* _Available records_:
◆ ◆ ◆ ◆ ◆
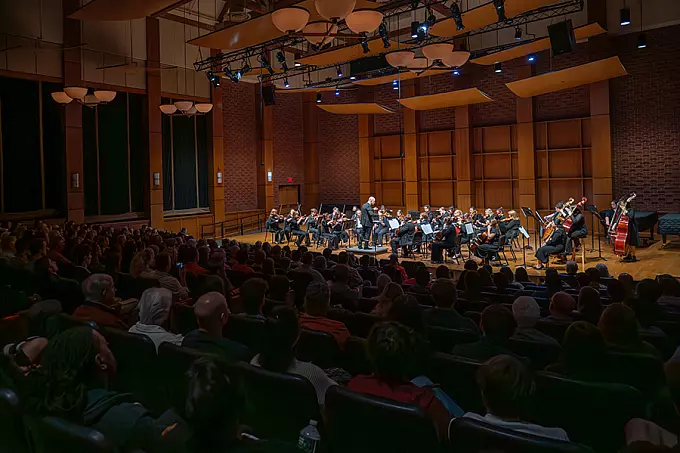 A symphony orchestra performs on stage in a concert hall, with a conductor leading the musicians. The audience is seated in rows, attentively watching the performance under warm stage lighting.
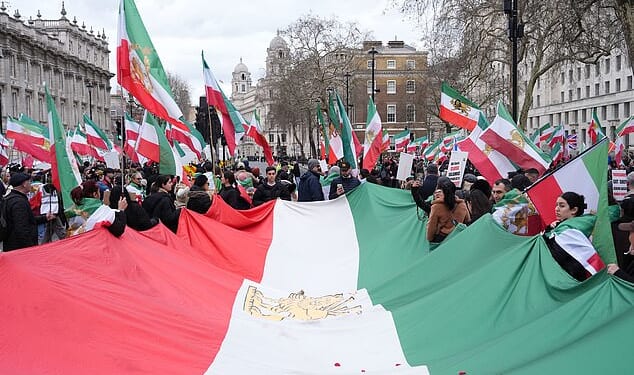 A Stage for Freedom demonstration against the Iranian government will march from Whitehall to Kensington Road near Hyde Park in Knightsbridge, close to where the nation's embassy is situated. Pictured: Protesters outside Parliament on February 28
◆ ◆ ◆ ◆ ◆
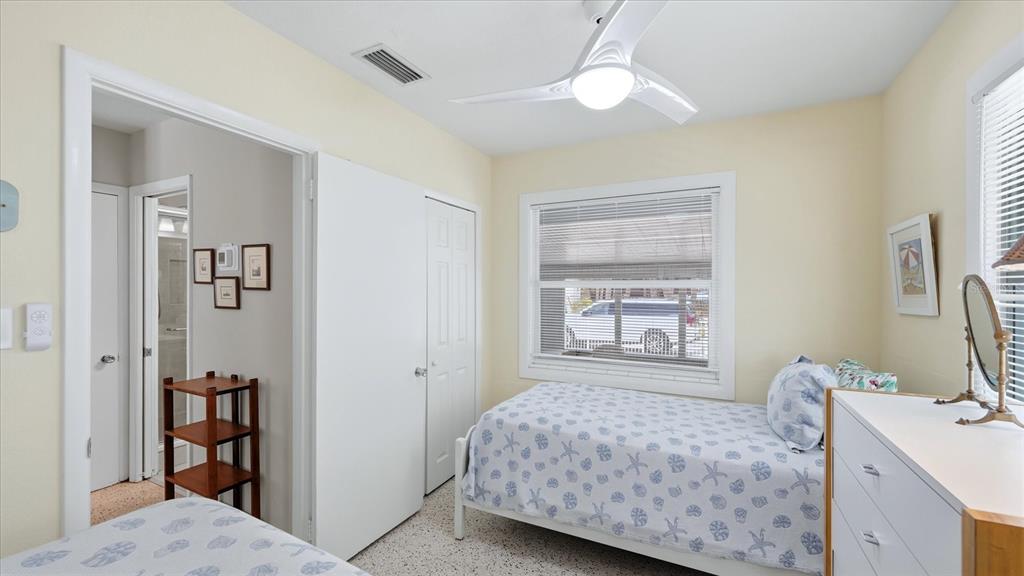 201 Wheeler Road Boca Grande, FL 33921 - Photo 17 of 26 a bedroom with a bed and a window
◆ ◆ ◆ ◆ ◆
* _Task to carry out_: Word for word, repeat the lines above from the one with "A symphony orchestra" through the one with "A Stage for", and nothing beyond them. Omit the pictures.

* _Output of the task_:
 A symphony orchestra performs on stage in a concert hall, with a conductor leading the musicians. The audience is seated in rows, attentively watching the performance under warm stage lighting.
 A Stage for Freedom demonstration against the Iranian government will march from Whitehall to Kensington Road near Hyde Park in Knightsbridge, close to where the nation's embassy is situated. Pictured: Protesters outside Parliament on February 28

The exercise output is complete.